What we need to do is this:
I
(preserving commit author and committer, and date stamps, and so on) while removing the unwanted file, i.e., altering the source tree attached to I
if needed. This just gives us commit I
back so we retain its original SHA-1.A
while removing the unwanted file. This results in a new, different commit A'
because we change A
's tree to a new tree that has the file removed. We get a new SHA-1 cryptographic checksum because the new commit is different from the old. So we save an entry in a map that says "old commit A
replaced by new commit A'
.B
while removing the unwanted file. This changes the tree (remember, each commit has a complete snapshot of the entire source, so the unwanted file is in the original B
). Make a new commit B'
that has the altered tree and has commit A'
as its parent ID.C
while removing the unwanted file, resulting in C'
.D
with our changes, resulting in D'
. (Note that we cannot copy F
until we've copied all its predecessors in the graph, in this case C
and E
.)E
with our changes.F
with our changes. The new commit F'
has C'
and E'
as its two parents; we find these using the SHA-1 mapping that we've been constructing all along.master
to point to commit F'
, abandoning the original commit F
.This results in a graph that looks like this:
A - B - C - F [abandoned]
/ \ /
/ D - E
/
I - A' - B' - C' - F' <-- master
\ /
D' - E'
An interactive rebase with --preserve-merges
can handle this particular case. If there's more than one branch, though, you have to carefully rebase the additional branches with --onto
as needed to make use of the new commits, which you have to match up with the old commits, most likely using an SHA-1 map file that you construct manually as you go.
There's an additional wrinkle, which is that git commit
by default refuses to make "empty" commits, where "empty" is defined as "has the same tree as the previous commit" (and is not a merge). The filter-branch script handles this automatically for you, mapping multiple new commits to a single old commit if you choose to delete empty commits (a commit that only modifies the unwanted file becomes empty when the previous and new commits both give up the unwanted file). An interactive rebase does not handle this very well when preserving merges, so that imposes even more pain.
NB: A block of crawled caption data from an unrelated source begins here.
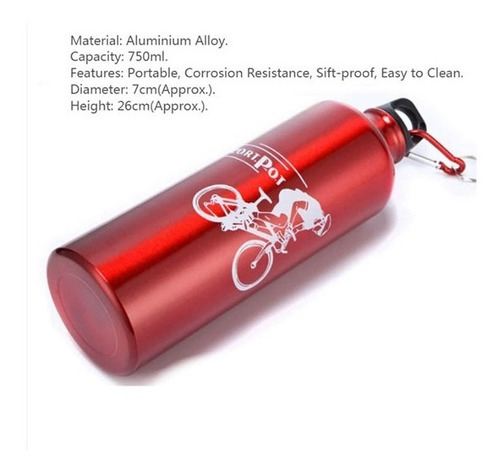 Imagen 4 de 6 de Botella Agua Deportes Aluminio Tapa Rosca 750ml Gancho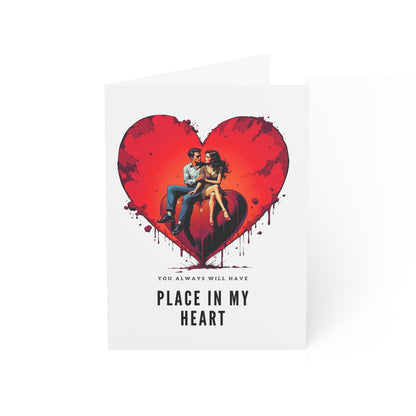 Romantic Greeting Cards - "Place in My Heart" - Perfect for Love Notes, Anniversaries, and Valentine's Day (1, 10, 30, 50 pcs)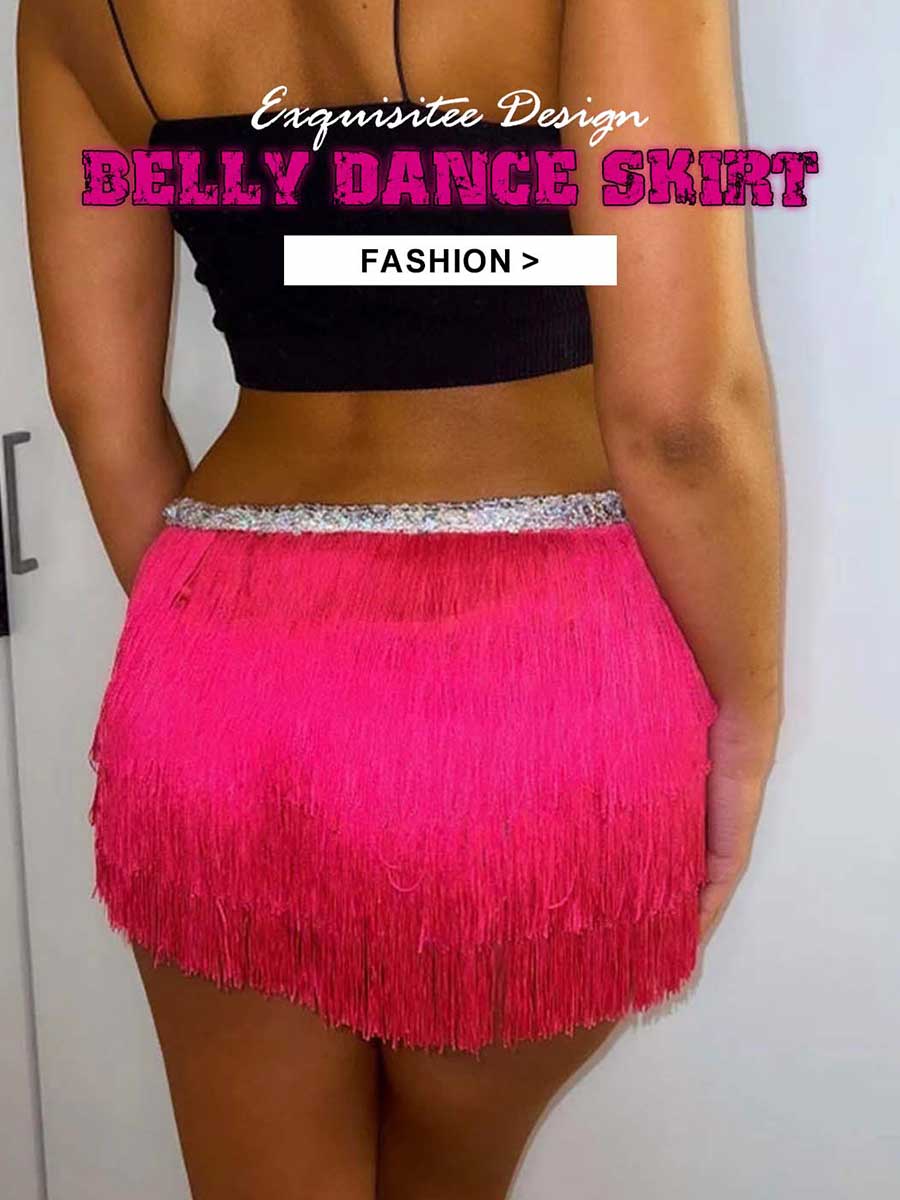 Silver Sequin Rose-Red Tassel Skirt - Image 5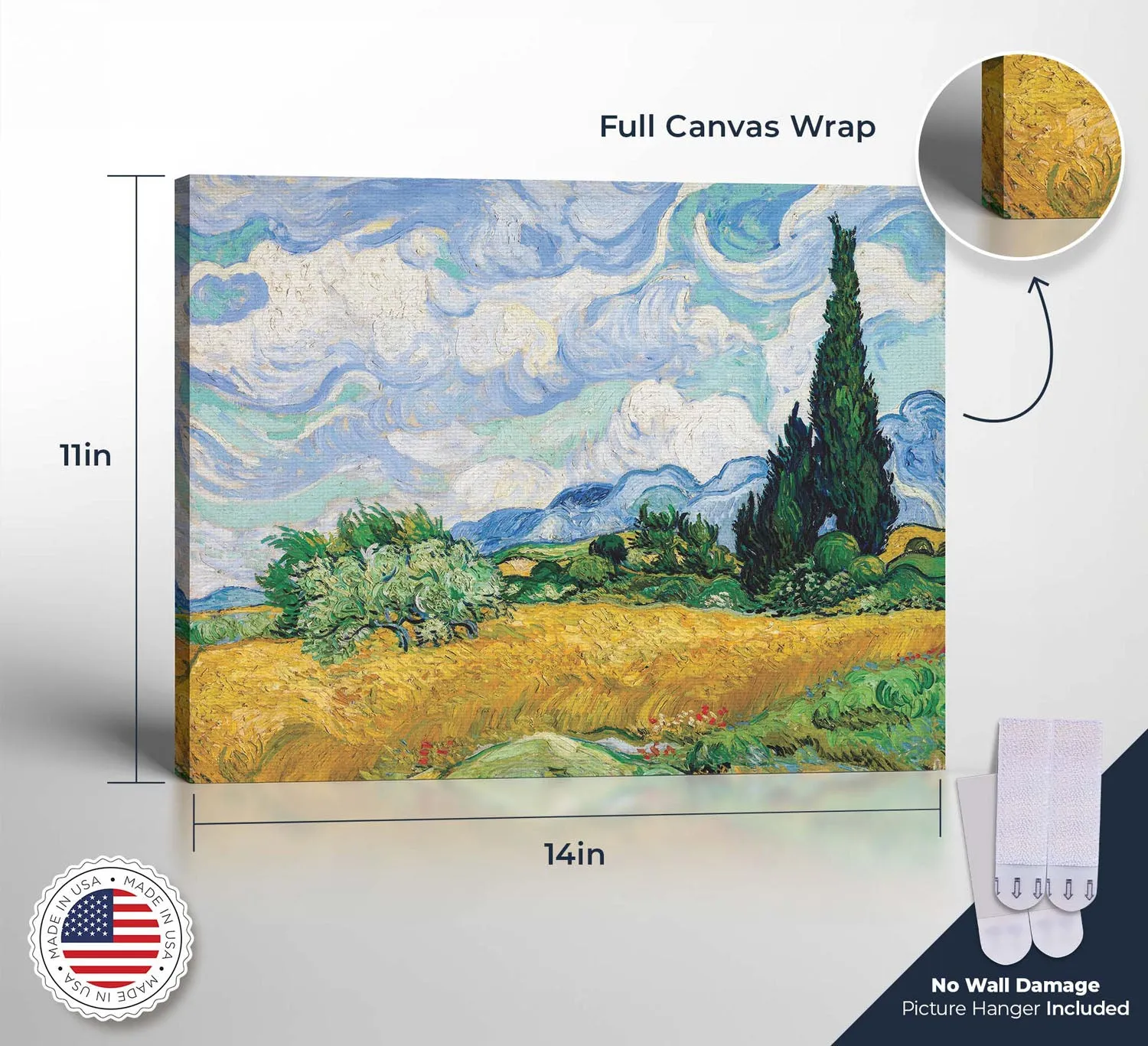 Wheat Field with Cypress by Van Gogh, Van Gogh Cypresses, Painting Wall Art, Van Gogh Wall Art, Ready To Hang for Living Room Home Wall Decor, C2448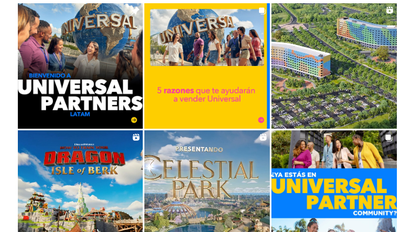 Universal Destinations & Experiences: nuevo perfil de Instagram para agencias de viajes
There are some other subtle differences: for instance, when rebase "abandons" a chain of commits, they remain in the "reflog" for the branch that has been rebased, as well as in the reflog for HEAD
. The filter-branch script uses a different method: it copies all the references to a sub-name-space, refs/original/
. This all matters when you get to the point of wanting to purge the old, abandoned commits: with rebase, you "expire" old references, but with filter-branch, you forcibly remove the originals instead.